Over the next 9 hours we proceeded to wind our way ever higher up the volcano. Passing verdant coffee plantations, dense jungle and eventually clearings with breathtaking views to the horizon. We stopped for lunch at a plateau and the clouds generously parted. We took the opportunity to meditate, a regular feature of the trip. Being spoilt with such wonderful surroundings has certainly made it easier to practice mindfulness. That being said, the power of the present moment can be found anywhere – or at least that’s what I’ll try and remember when I’m next on a sweaty rush hour tube.
We arrived at camp just after 1600. The final two hours had been tough. Low oxygen levels meant every movement required twice as much energy and our legs were screaming for a rest. Needless to say, arriving at a comfortable camp site, complete with roaring fire and the promise of dinner was welcome indeed. It was at this point we were reminded of the opportunity to hike for another two hours to reach the summit of Fuego Volcano. We could hear the deep guttural sounds of the volcano erupting, however, could not see anything due to heavy cloud cover. Our guide, Miguel, was explicit about the hike being very challenging and only worth it if the clouds parted so we could see the eruptions up close, which he was doubtful would happen. I must admit, the idea of 4 more hours hiking at altitude towards a cloud covered active volcano was not particularly appealing. I glanced towards Henry and Tunde expecting to be met with similar resignation, however, much to my surprise they immediately signed us up! For this, I will be forever grateful.
Our merry band of dragon hunters set off and whilst being well warned, we had no idea how challenging the hike would be.
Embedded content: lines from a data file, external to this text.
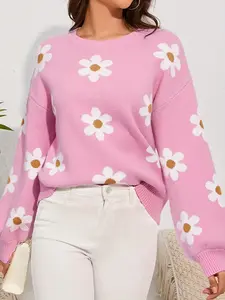Women's Sweet Daisy Embroidered Floral Knit Sweater, Round Neck Loose Bubble Sleeve Knit Top, Casual Fitted Spring Fall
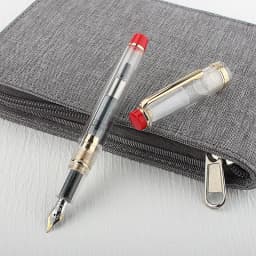 Jinhao 82 Fountain Pen Transparency Gold Clip Spin Pen Popular EF F M NIB Business Office School Supplies Writing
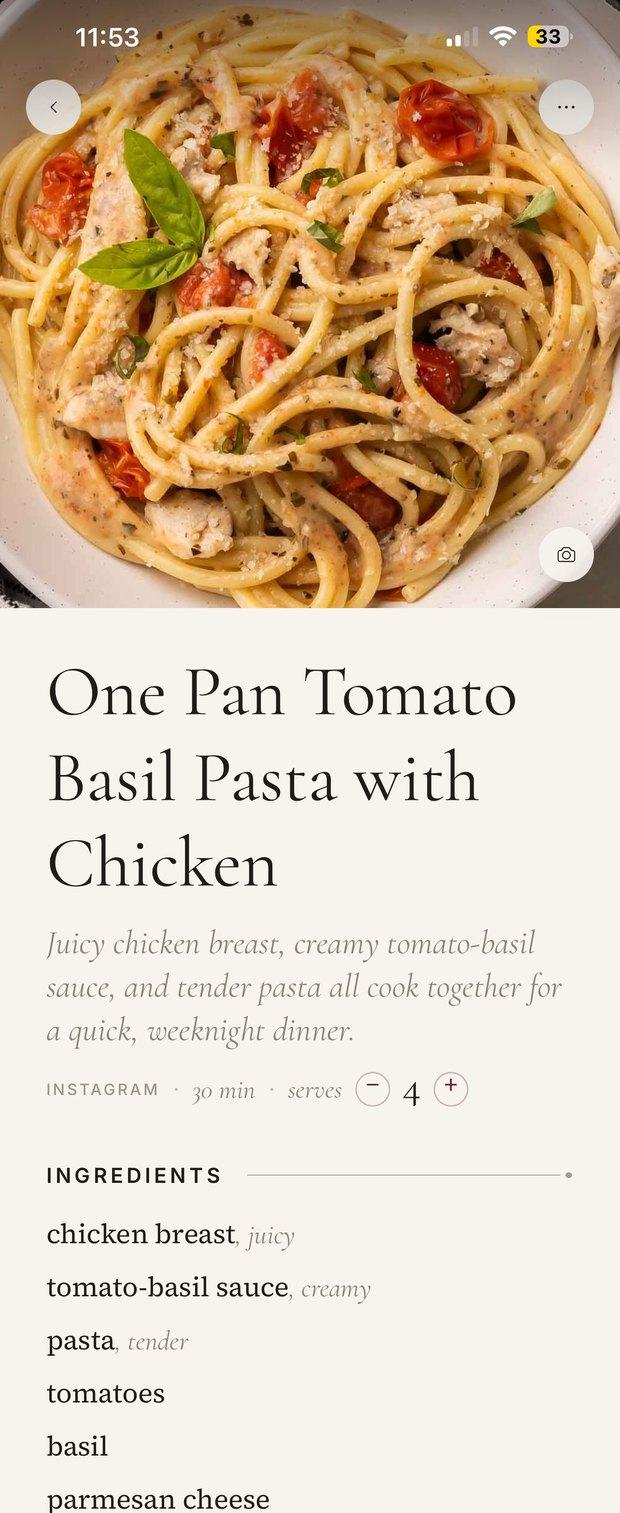 Shio recipe detail: One Pan Tomato Basil Pasta with Chicken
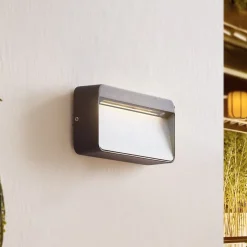 Lucande LED buiten wandlamp Tiburia, zwart, aluminium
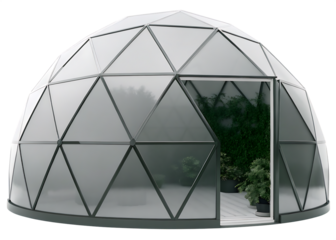  a geodesic dome greenhouse for a private residence isolated on white background PNG , AI GENERATED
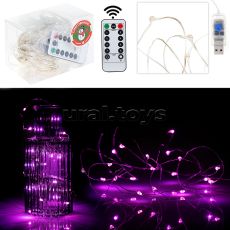 Электрогирлянда светодиодная 20 м, 200 ламп, USB, с дистанционным управлением, розовая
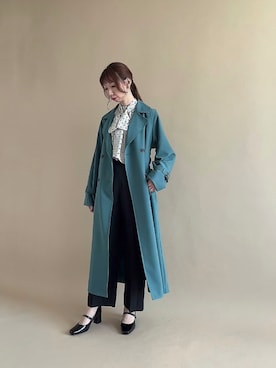 「Te chichi（テチチ）のアイテム（ステンカラーコート）」を使った、sakiさん（レディース・163cm）の秋コーディネート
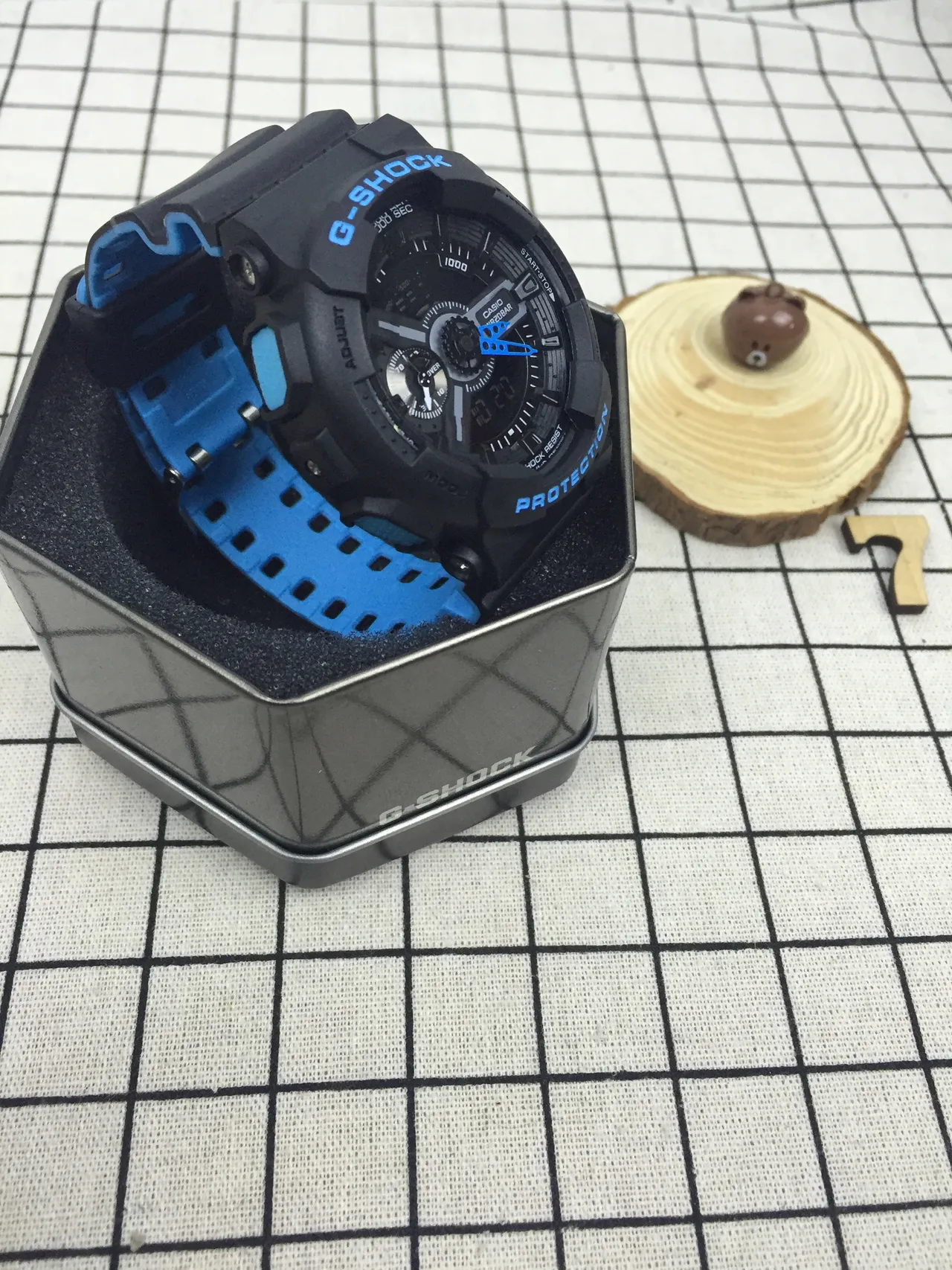 Casio GA-110 Black Blue Matte Resin Case Bold Accent Typography Watch 8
Traversing fallen trees over deep crevasses and climbing on all fours up loose volcanic soil we gulped the thin air and pushed onwards. Tempers began to fray and motivations wane, when as if by magic the clouds parted to reveal the volcano in all her fire-breathing majesty. This also coincided with the most ethereal sunset I have ever seen. What are the chances?
We eventually made it to a narrow black ridge leading towards the mouth of the volcano and our group began spontaneously humming the Lord of the Rings theme tune. What followed was one of the most awe inspiring and humbling experience of my life so far. Perched on the ridge we were treated to a firework display fit for the gods as eruption after eruption shot glowing hot lava into the sky. In between eruptions we stole glances on a totally clear night above the clouds – the sun setting behind volcanos to the west and illuminating lightening covered mountain ranges to the east. Tears came to my eyes as I thought of loved ones, I’m particular those who had passed, feeling their presence with me on the border of heaven and earth. I hugged the boys and we agreed on the profound lesson from this experience: if in doubt always walk up the volcano! In the words of I Wayne: Di Warriors Nah Ga Run, Nah Ga Run. Firm Upon Di Lava Ground.
One response to “*GASSED EDITOR David Dew-Veal* Days 14-16: Lava Ground”
You are guys are obviously having a whale of a time. You are very brave and adventurous. Please be very careful while you are having fun. Want you back in one piece.